In [7]:
import numpy as np
import pandas as pd

In [8]:
dataset_dir = "datasets"
trainfile = 'news_traindata'
testfile = 'news_testdata' # 'WELFake_Dataset.csv'
nrows = 110000 * 0.9
vocab_file = f'vocabs/vokab_{trainfile}_{nrows}.pkl'
model_file = f"models/simple_model_{trainfile}_{nrows}.pth"

df = pd.read_csv(f'{dataset_dir}/{testfile}.csv', encoding='utf-8', nrows=nrows)
df = df.dropna()

df.head(20)

Unnamed: 0,type,title,content,label
0,conspiracy,The 9/11 Commission Didn’t Believe the Governm...,9/11 Commissioners Admit They Never Got the Fu...,1
1,clickbait,Former Watergate Prosecutors: There’s Already ...,5545 SHARES Facebook Twitter Reddit Stumbleupo...,1
2,clickbait,The Washington Times Archives,When Donald Trump takes office later this week...,1
3,hate,Hindu Group Criticizes Toronto School’s Muslim...,A Hindu group that regularly criticizes Islam ...,1
4,clickbait,She created jobs?! Flying ‘press conference’ p...,"Oh look, a press conference from the Hillary f...",1
5,rumor,Leading Tory MP calls on Theresa May to end bi...,PA Tim Loughton urged Theresa May to avoid try...,1
6,unreliable,Cable: 1976YAOUND03669,Tor\n\nTor is an encrypted anonymising network...,1
7,unreliable,Cable: 1975SANTIA07393,Tor\n\nTor is an encrypted anonymising network...,1
8,satire,Photogallery - Duterte asks why the USA did no...,Back to article: Duterte asks why the USA did ...,1
9,political,Electability: Hillary vs. Trump,"Amidst all the focus on Trump’s insanity, ther...",1


In [9]:
import os
import pickle
from torchtext.vocab import build_vocab_from_iterator
from torchtext.data.utils import get_tokenizer
from collections import Counter

MAX_VOCAB = 25000
special_tokens = ['<unk>', '<pad>']
tokenizer = get_tokenizer('basic_english')

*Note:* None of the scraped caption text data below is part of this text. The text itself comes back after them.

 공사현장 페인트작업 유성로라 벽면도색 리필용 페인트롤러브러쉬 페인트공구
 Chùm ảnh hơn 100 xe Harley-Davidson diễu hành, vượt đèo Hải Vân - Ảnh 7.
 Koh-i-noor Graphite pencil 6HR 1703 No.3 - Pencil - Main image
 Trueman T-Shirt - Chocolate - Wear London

if os.path.exists(vocab_file):
    with open(vocab_file, 'rb') as f:
        vocab = pickle.load(f)
    print("Vocabulary loaded from 'vocab.pkl'.")

else:
    print("Vocab not found: ", vocab_file)


Vocabulary loaded from 'vocab.pkl'.


In [10]:
import torch
from torch.nn.utils.rnn import pad_sequence
from sklearn.preprocessing import LabelEncoder
import torch.nn.functional as F

MAX_LENGTH = 2048

# Label encode the 'type' column
le = LabelEncoder()
df['type_encoded'] = le.fit_transform(df['type'])

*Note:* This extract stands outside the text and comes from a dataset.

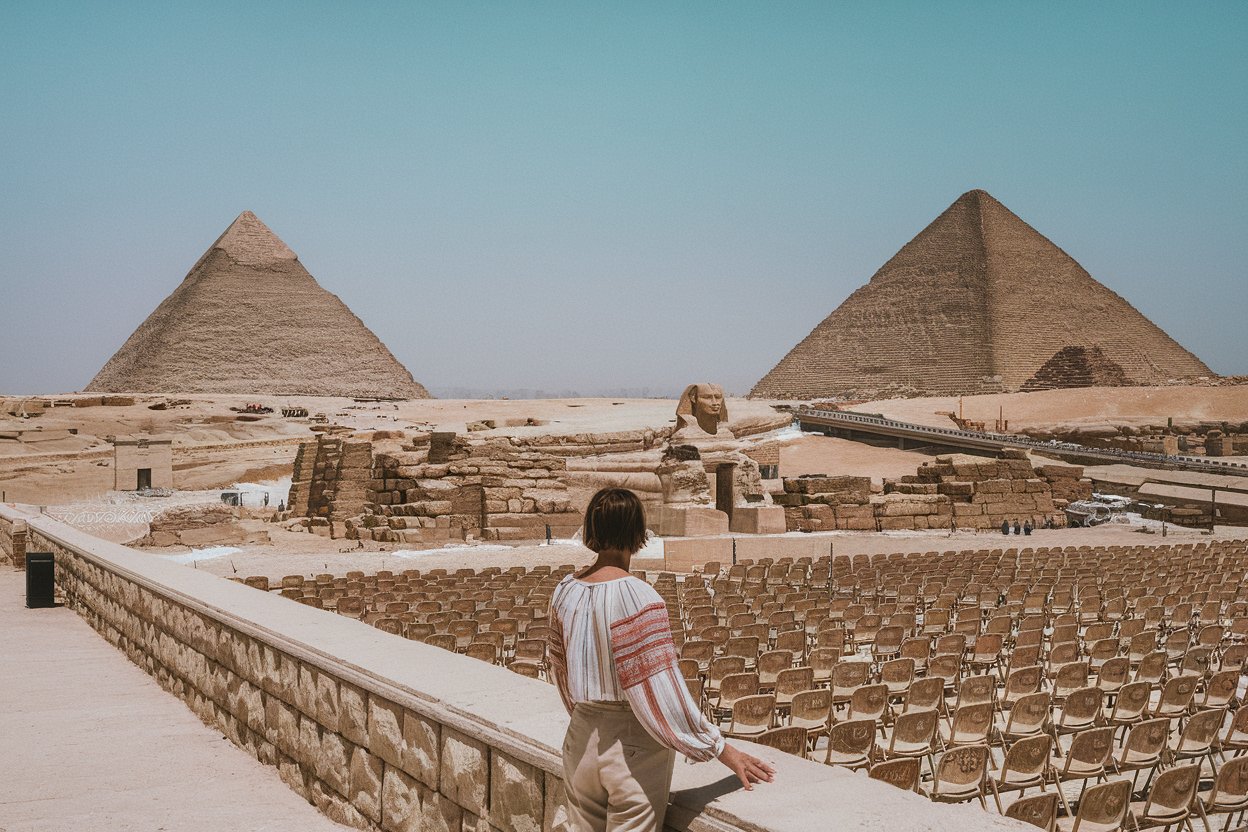 Egypt offers budget-friendly travel with accommodations from $12 per night and meals around $3. Explore iconic sites like the Pyramids of Giza, Luxor’s ancient temples, Nile cruises, and Red Sea resorts, all accessible via affordable trains and buses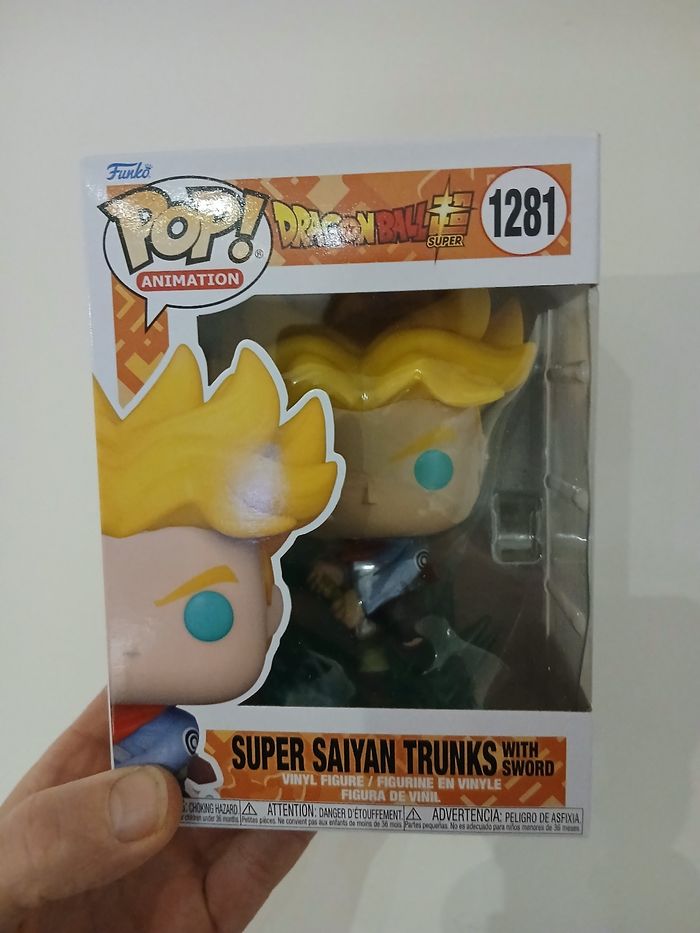 Funko pop dbz trunks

NUM_CLASSES = len(le.classes_)  # Number of unique classes
print(f"Number of classes: {NUM_CLASSES}")

encoded_texts_and_labels = []
for text, label in zip(df['content'], df['type_encoded']):
    if pd.notna(text):
        encoded = [vocab[token] for token in tokenizer(text)]
        
        if len(encoded) <= MAX_LENGTH:
            encoded_texts_and_labels.append((torch.tensor(encoded, dtype=torch.long), label))

# Separate encoded texts and labels
encoded_texts = [item[0] for item in encoded_texts_and_labels]
label_indices = torch.tensor([item[1] for item in encoded_texts_and_labels], dtype=torch.long)

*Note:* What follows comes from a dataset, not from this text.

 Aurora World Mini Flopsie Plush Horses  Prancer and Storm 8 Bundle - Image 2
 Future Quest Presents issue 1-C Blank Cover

# Create one-hot encoded labels
labels = F.one_hot(label_indices, num_classes=NUM_CLASSES).float()

# Pad sequences
padded_texts = pad_sequence(encoded_texts, batch_first=True, padding_value=vocab['<pad>'])

print(f"Filtered texts: {len(padded_texts)}, Labels: {labels.shape}")


Number of classes: 11
Filtered texts: 10610, Labels: torch.Size([10610, 11])


In [17]:
from torch.utils.data import Dataset, DataLoader
from sklearn.model_selection import train_test_split


class NewsDataset(Dataset):
    def __init__(self, X, y):
        self.X = X
        self.y = y

    def __len__(self):
        return len(self.X)

    def __getitem__(self, idx):
        return self.X[idx], self.y[idx]
    

test_ds = NewsDataset(padded_texts, labels)
test_dl = DataLoader(test_ds, batch_size=32, shuffle=False)

In [18]:
from mulstage_model import CNN_BiLSTM
from torch import nn


# device = torch.device('cuda' if torch.cuda.is_available() else 'cpu')
device = torch.device('mps' if torch.backends.mps.is_available() else 'cpu')
print(f"Using device: {device}")
model = CNN_BiLSTM(vocab=vocab, vocab_size=len(vocab), embed_dim=100, hidden_dim=128, output_dim=NUM_CLASSES, pad_idx=vocab['<pad>'])
model.to(device)

print("done constructing model")

model.load_state_dict(torch.load(model_file))


Using device: mps
done constructing model


<All keys matched successfully>

In [20]:
# check the basic fake-real separation accuracy

RELIABLE_IDX = 1

def evaluate_basic(model, loader):
    model.eval()
    total_acc = 0
    with torch.no_grad():
        for xb, yb in loader:
            xb, yb = xb.to(device), yb.to(device)
            # print(xb.shape, yb.shape)
            preds = model(xb)
            preds_class = preds.argmax(dim=1)
            #v print(preds_class)
            labels_class = yb.argmax(dim=1)
            # print(labels_class)
            preds_real = preds_class == RELIABLE_IDX
            labels_real = labels_class == RELIABLE_IDX
            total_acc += (preds_real == labels_real).float().mean().item()
            # print(preds_class, labels_class, total_acc)
    return total_acc / len(loader)

eval_basic = evaluate_basic(model, test_dl)
print(f"Basic evaluation accuracy: {eval_basic:.4f}")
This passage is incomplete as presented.